## What you have to do
Print the listing as it stands, omitting all images.

## Data provided
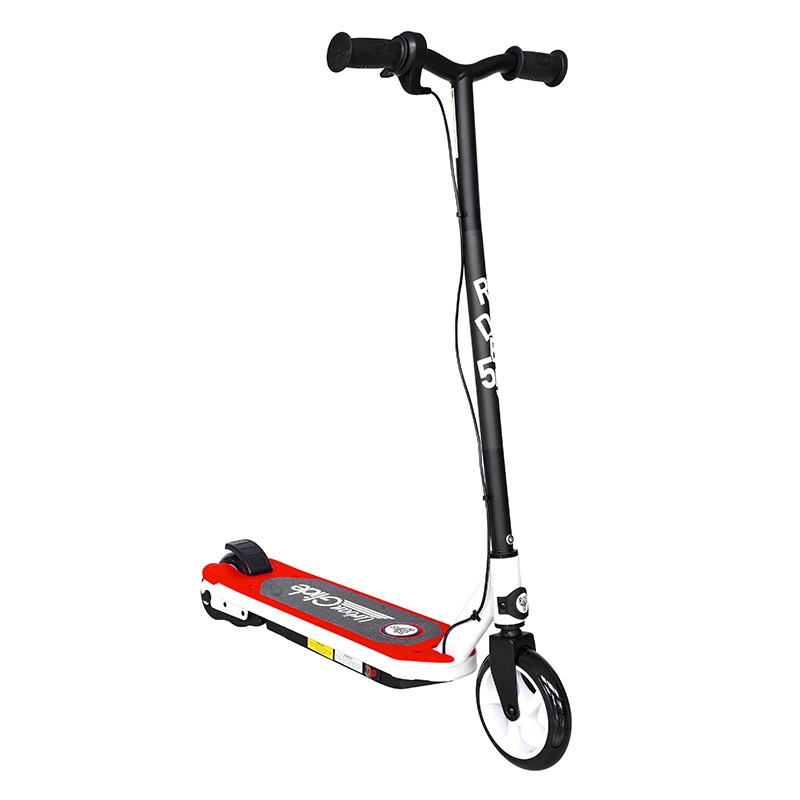 Trottinette electrique Pour Enfant Urbanglide Ride 55 Bon état - 85,98 € Trottinette electrique Pour Enfant Urbanglide Ride 55 Bon état reconditionné disponible sur Electro Depot
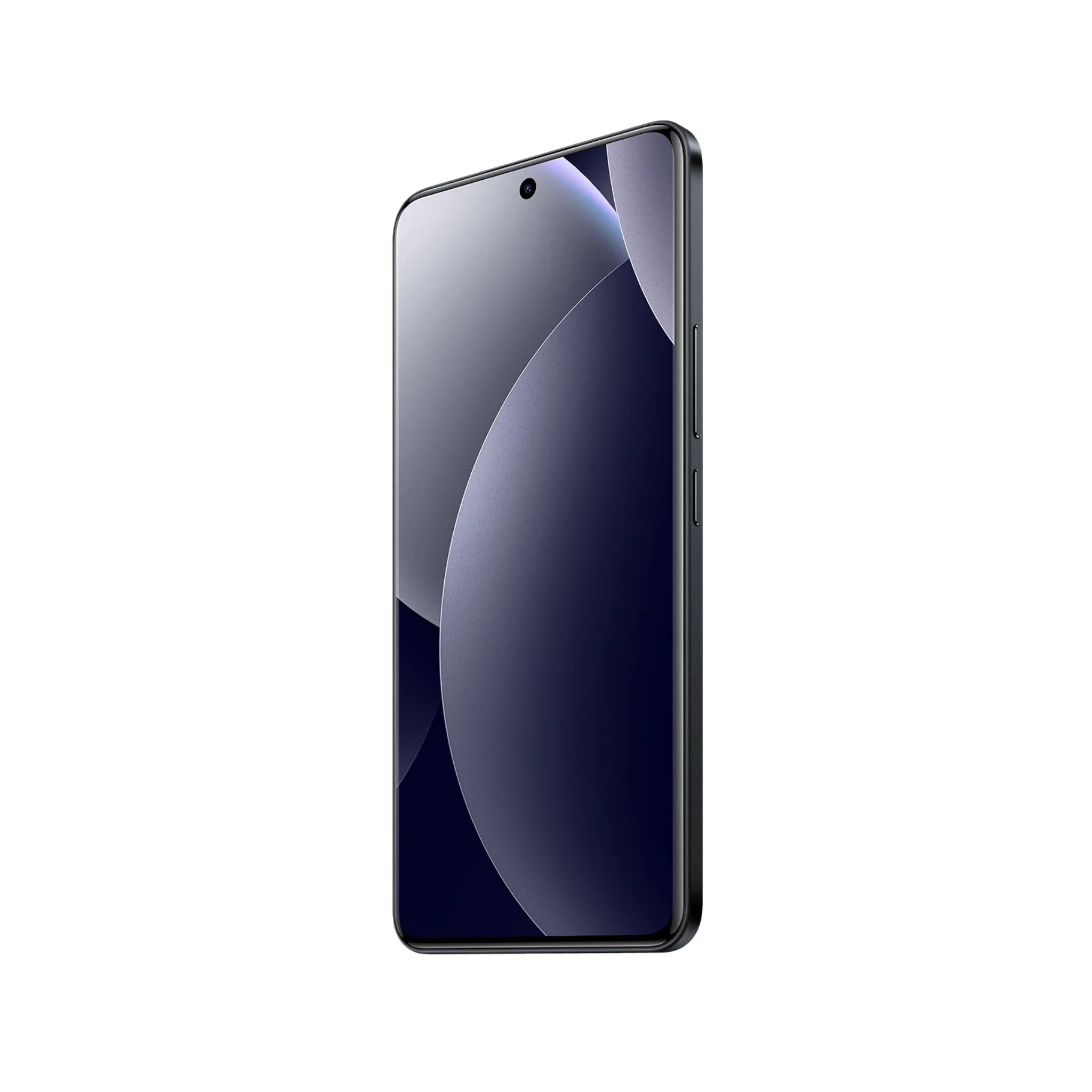 Xiaomi Redmi Note 15 Pro Dual SIM 12GB RAM 256 5G - Middle East Version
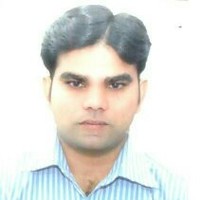 Ashish Tiwari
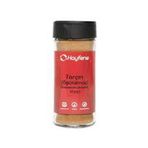 Hayfene Öğütülmüş 50 gr Tarçın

## Task response
 Trottinette electrique Pour Enfant Urbanglide Ride 55 Bon état - 85,98 € Trottinette electrique Pour Enfant Urbanglide Ride 55 Bon état reconditionné disponible sur Electro Depot
 Xiaomi Redmi Note 15 Pro Dual SIM 12GB RAM 256 5G - Middle East Version
 Ashish Tiwari
 Hayfene Öğütülmüş 50 gr Tarçın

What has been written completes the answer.